Supplied information: Begin

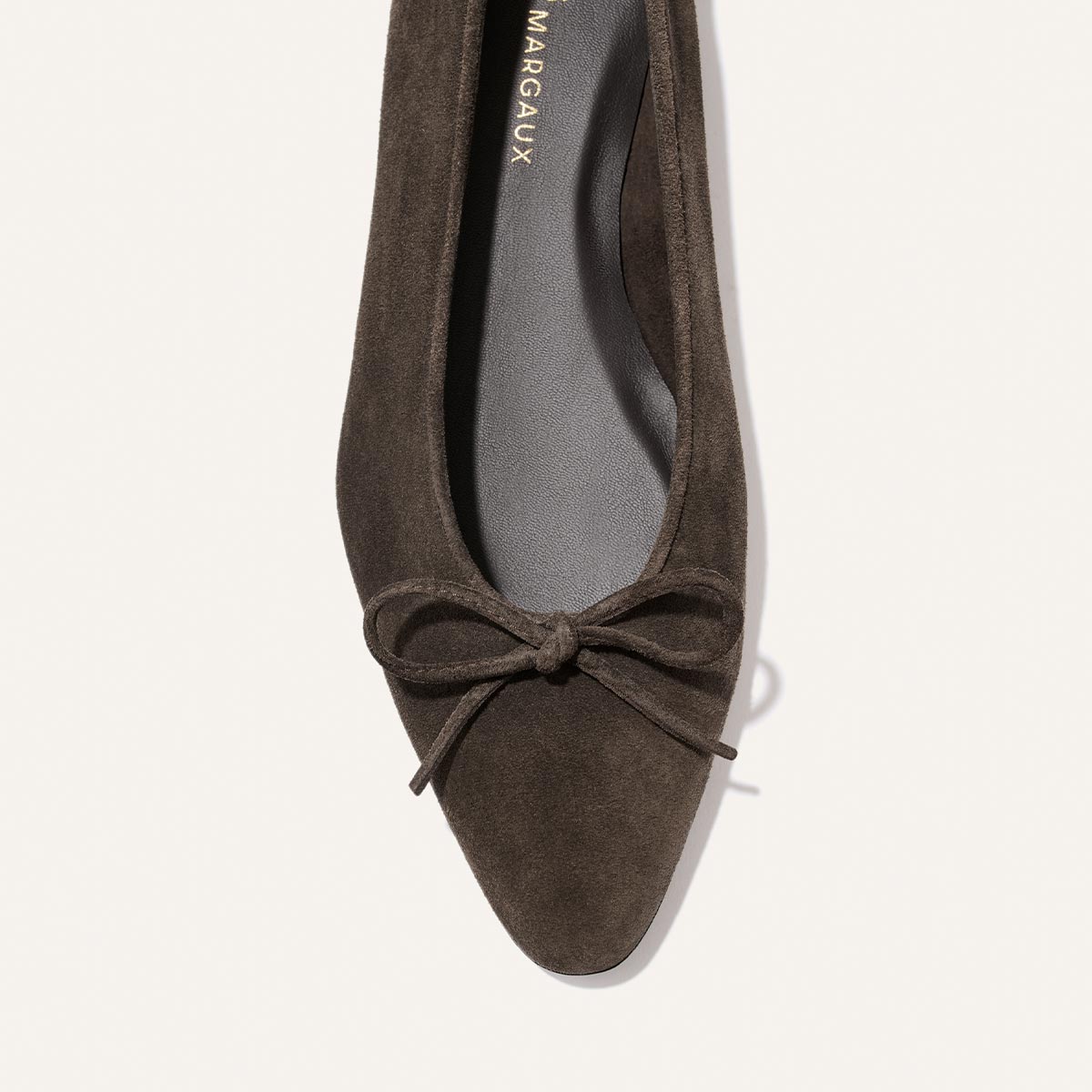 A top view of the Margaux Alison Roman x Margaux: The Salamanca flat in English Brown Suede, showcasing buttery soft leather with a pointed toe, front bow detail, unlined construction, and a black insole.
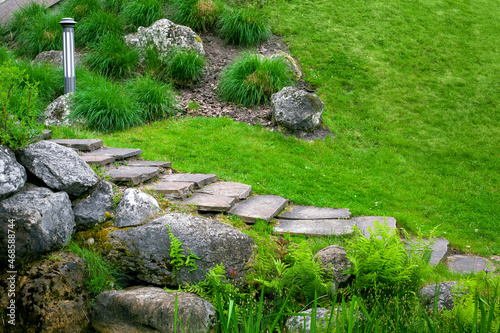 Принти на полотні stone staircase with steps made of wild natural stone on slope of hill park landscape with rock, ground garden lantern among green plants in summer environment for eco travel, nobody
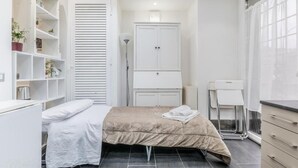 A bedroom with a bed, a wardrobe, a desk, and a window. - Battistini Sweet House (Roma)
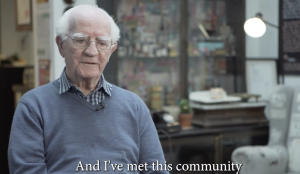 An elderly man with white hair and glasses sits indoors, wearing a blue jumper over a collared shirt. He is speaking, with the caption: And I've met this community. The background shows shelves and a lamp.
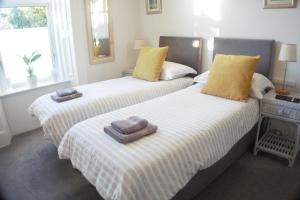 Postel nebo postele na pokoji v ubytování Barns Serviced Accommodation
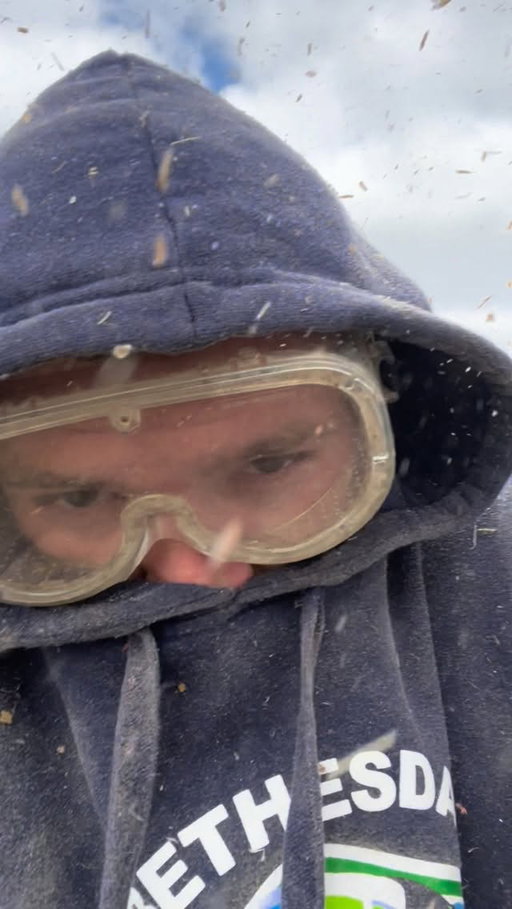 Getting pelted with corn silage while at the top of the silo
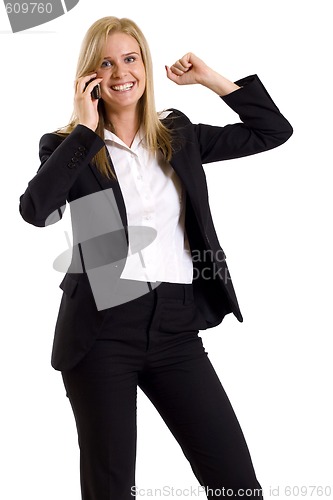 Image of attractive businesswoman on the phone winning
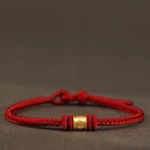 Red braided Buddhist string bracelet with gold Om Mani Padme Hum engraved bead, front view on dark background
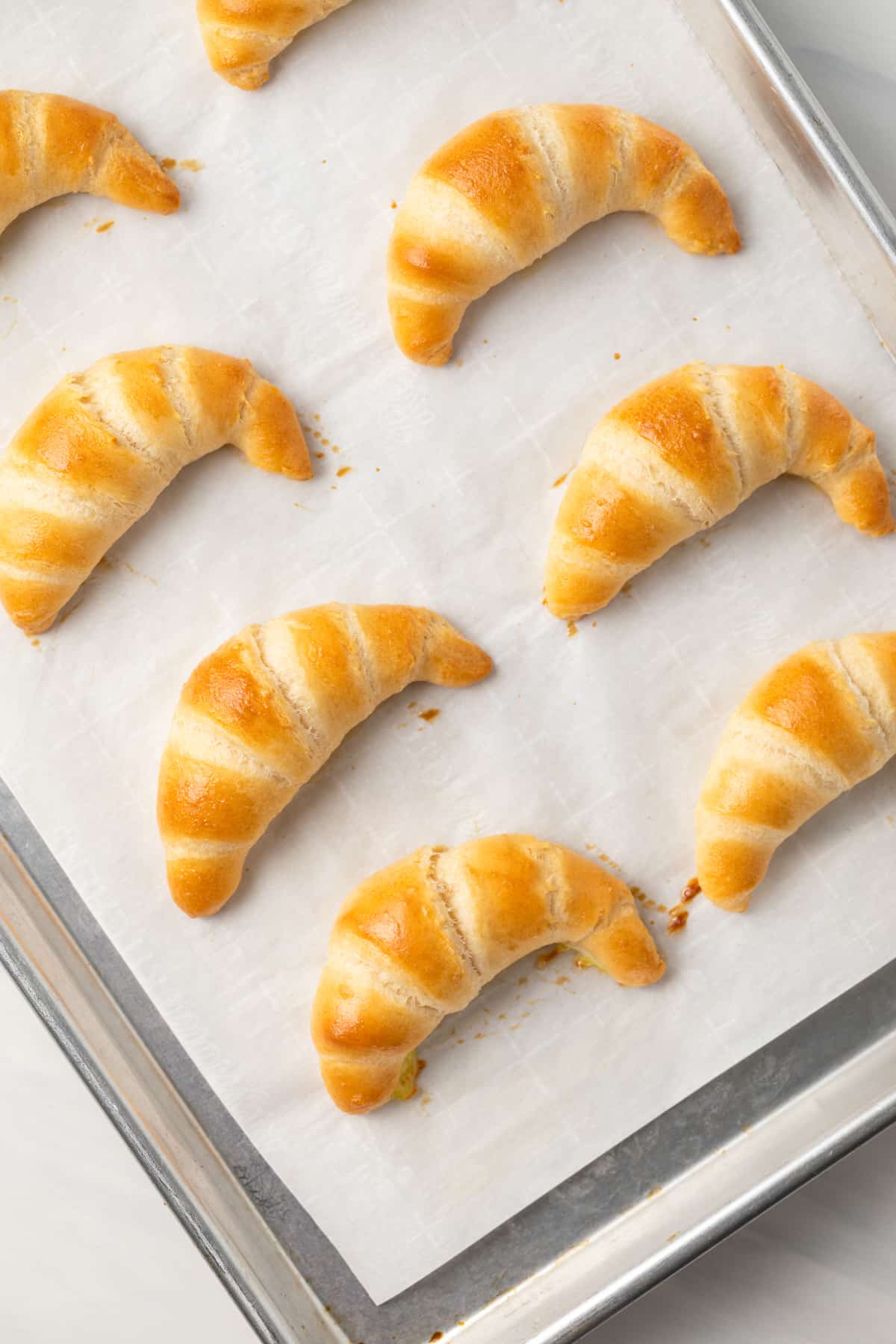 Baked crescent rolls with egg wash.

Supplied information: End

Required action:
Please output the lines above beginning at the line with "An elderly man" and ending after the line with "Image of attractive", precisely as written and with no pictures.

Exercise output:
 An elderly man with white hair and glasses sits indoors, wearing a blue jumper over a collared shirt. He is speaking, with the caption: And I've met this community. The background shows shelves and a lamp.
 Postel nebo postele na pokoji v ubytování Barns Serviced Accommodation
 Getting pelted with corn silage while at the top of the silo
 Image of attractive businesswoman on the phone winning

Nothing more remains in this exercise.